Transportation
While there are several applications of AI/ML in transportation, we will discuss the most complex one which is Self-driving Vehicles. This is probably one of the most complex applications of AI/ML currenly being developed. Self-driving vehicles need AI/ML very close to human intelligence, learning and memory, since these are machines that can cause extensive injury to humans and damage to property if their algorithms fail. They use a combination of multiple algorithms and huge amounts of data both from static sources and from dynamic, real-time sources such as sensors.
A self-driving vehicle is a ground vehicle that is capable of sensing its environment and moving safely with little or no human input. There are two key components that a self-driving vehicle requires:
- A wide range of sensors to read data about their surroundings, such as cameras (to read images of signage and road markings), radar, lidar, or sonar (to detect obstacles), GPS (to determine the absolute location and get directions to the destination), odometry (to detect relative positioning) and inertial measurement units (including accelerometers and gyroscopes to detect the speed and orientation of the car).
- AI/ML systems take data from the sensors as input, process that data using the relevant algorithms, take decisions similar to what a human would, and send control signals to appropriate parts of the car to take action, similar to what a human driver would.
The AI/ML algorithms have to be extremely complex and mimic human behaviour as closely as possible including taking decisions based on critical thinking and reasoning.
- One of the most critical decisions the automated driving system has to take is when to stop to avoid a collision. It is not practical or safe for the car to be over-cautious and stop every time it believes there is an obstacle in its path. Depending on what the obstacle is, whether it is moving away from the impact itself and whether it's a dangerous situation such as a collision with another car or an object (in which case the car must stop immediately) or an obstacle such as a gate (in which car needs to slow down and roll to a stop rather than an immediate stop). All of this is more critical if self-driving cars are in the path of human-driven cars since humans apply rational thinking when taking a decision (every obstacle does not mean slamming on the brakes) and they expect cars in front and behind them to take similar rational decisions as well.
- The second critical decision is to follow road and traffic patterns and signs. The cars cannot change lanes at will, and if they see a stop sign or a red light, they must come to a gradual stop and start again at the appropriate times. Failure to stop could be dangerous and failure to start on time could cause inconvenience to drivers behind.

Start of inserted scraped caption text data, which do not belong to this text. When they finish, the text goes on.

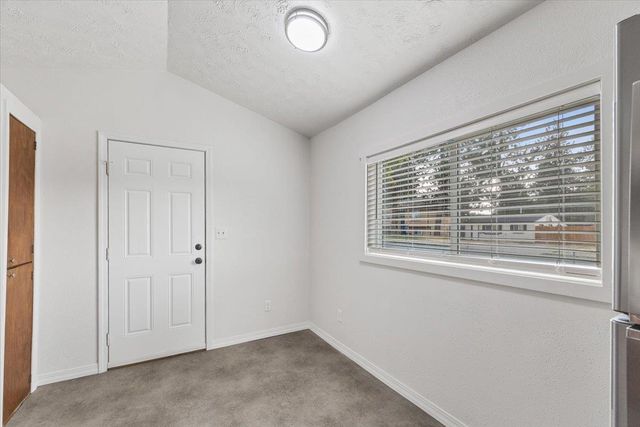 1223 E Decatur Ave, Spokane, WA 99208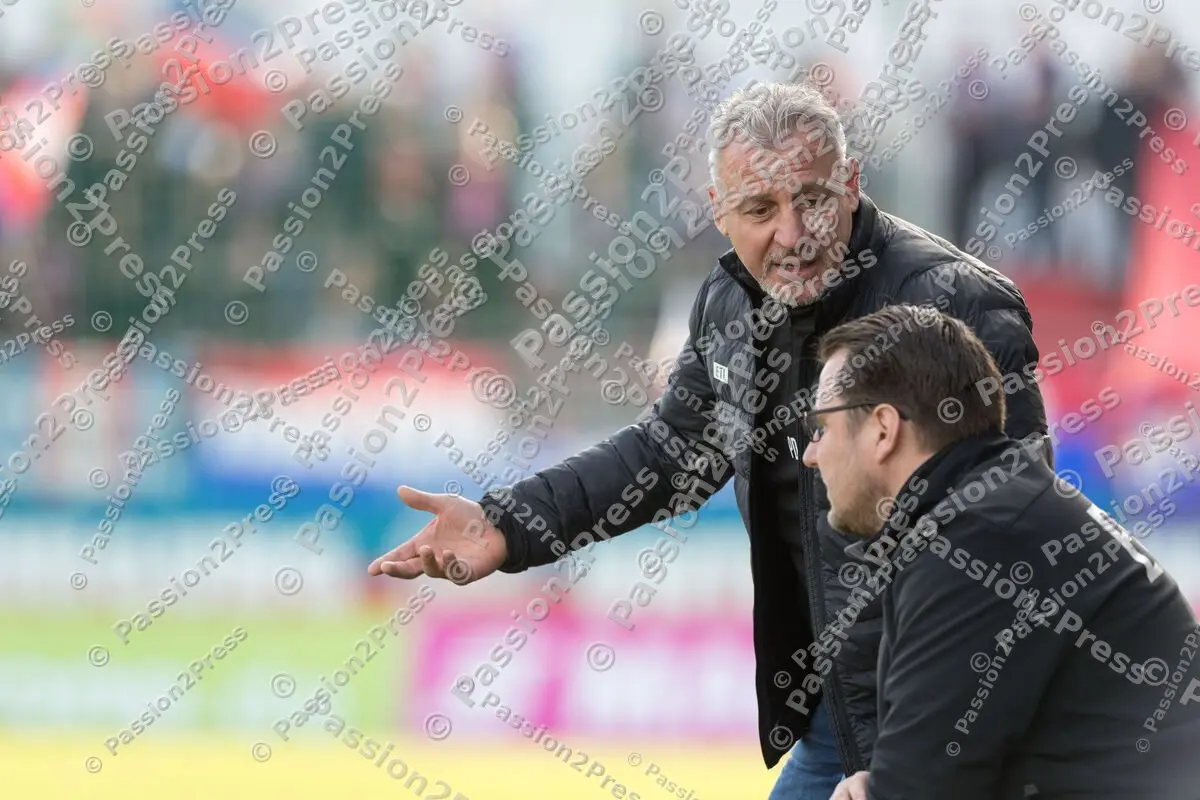 UHGVIK_20200215_0863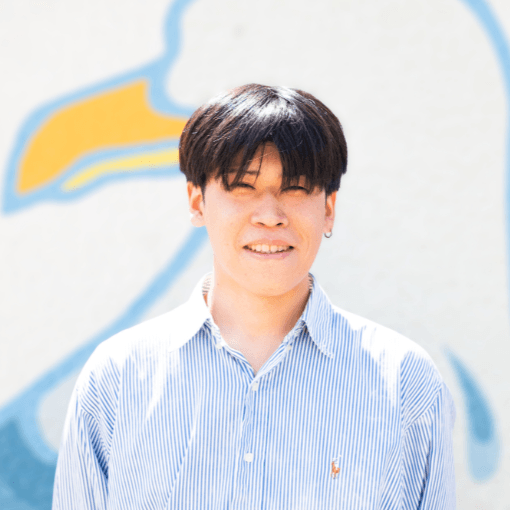 エト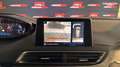 Peugeot 5008 GT 2.0 BLUE HDI 180 CV 7 places EAT8 GARANTIE 6 MOIS Azul - thumbnail 11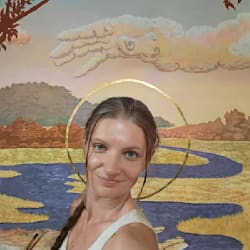 lisjamorda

- Cars also have to follow speed limits which could either be pre-programmed into their systems with map data or they will have to read the speed limit signs just as humans do and adjust their speed accordingly.
- Cars must be able to navigate the roads and follow directions to get from the origin to the destination in an optimal manner.
This is not a comprehensive list of algorithms that are required, there are many more algorithms that are programmed into various components in a car to achieve the objective of a safe and practical self-driving car.
As you can imagine, machine learning and data both play a very important role in building efficient algorithms. The more the data the more patterns the programs can detect and the more accurate their decisions will be.